Fire service spokesman Vasilis Vathrakoyiannis said the evacuations were carried out as a precaution and a large firefighting effort was paying off. No injuries were reported. Around two dozen children in all were evacuated, health officials said.
Vathrakoyiannis said no houses were under threat from the blaze, which raged through a pine forest on the fringes of the city that’s some 200 kilometers (125 miles) west of Athens.
“The fire took on enormous dimensions very fast,” he told state-run ERT television. “The front and its dynamic have been contained.”
“We’re just dealing with scattered points of fire now,” he added.
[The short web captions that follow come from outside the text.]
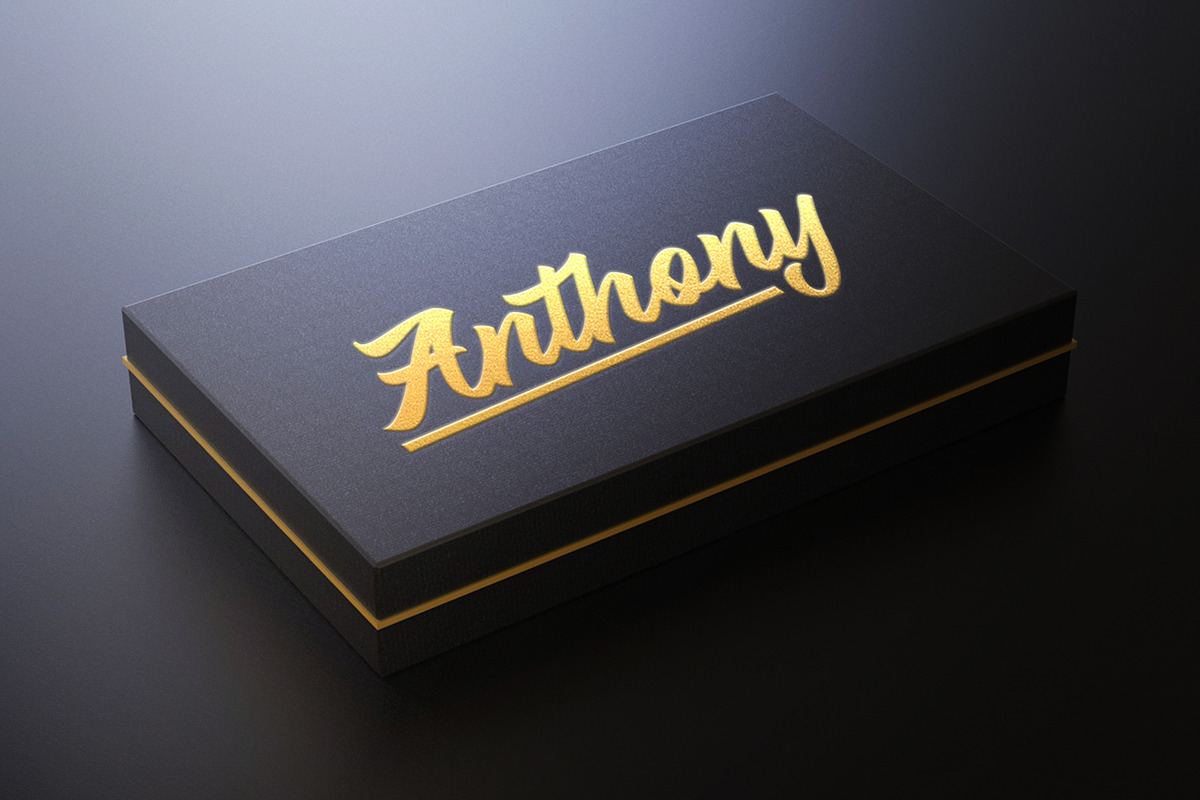 Ratcliffer - Modern Script Font, a Script Font by Alpaprana (Photo 6 of 12)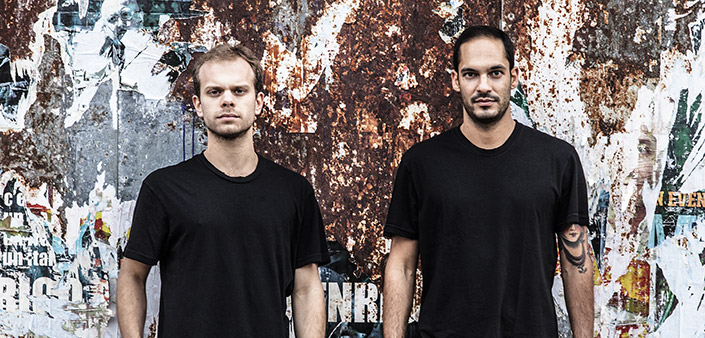 20.03: Bauhaus presenta Hunter/Game Bauhaus presenta Hunter/Game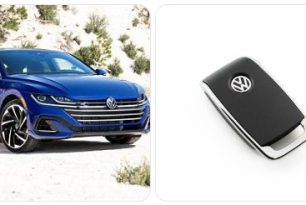 Volkswagen Key Fob Battery Replacement – Buy Key Fob for Volkswagen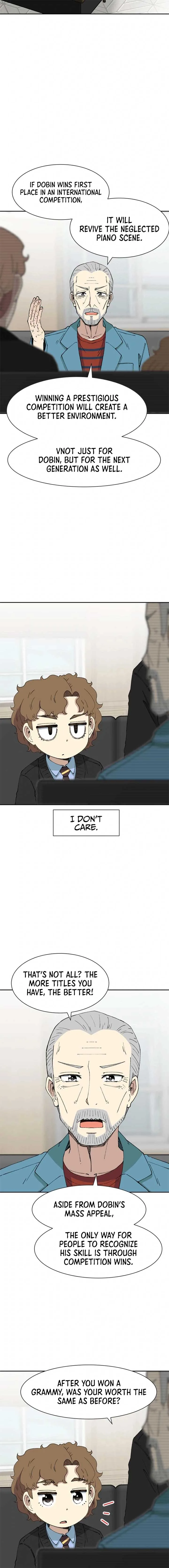 Beethoven Reborn Chapter 62 page 25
About 80 firefighters, assisted by 10 water-dropping aircraft, were trying to extinguish the blaze.
Other blazes were raging in at least three parts of Greece Tuesday.
The country suffers from devastating wildfires every summer, and last year more than 20 people died in the blazes.
Authorities have warned of a high wildfire risk this week.
Vassilis Kikilas, the minister responsible for civil protection, said a lack of winter rains, combined with high temperatures in the spring, make this summer the most difficult in the past 20 years for dealing with wildfires.
“Most of the country is at a high and a very high risk of fire (on Wednesday) due to the heat and very strong winds,” he said.
Civil protection authorities said nearly 1,300 wildfires broke out across the country last month, more than twice as many as in June 2023.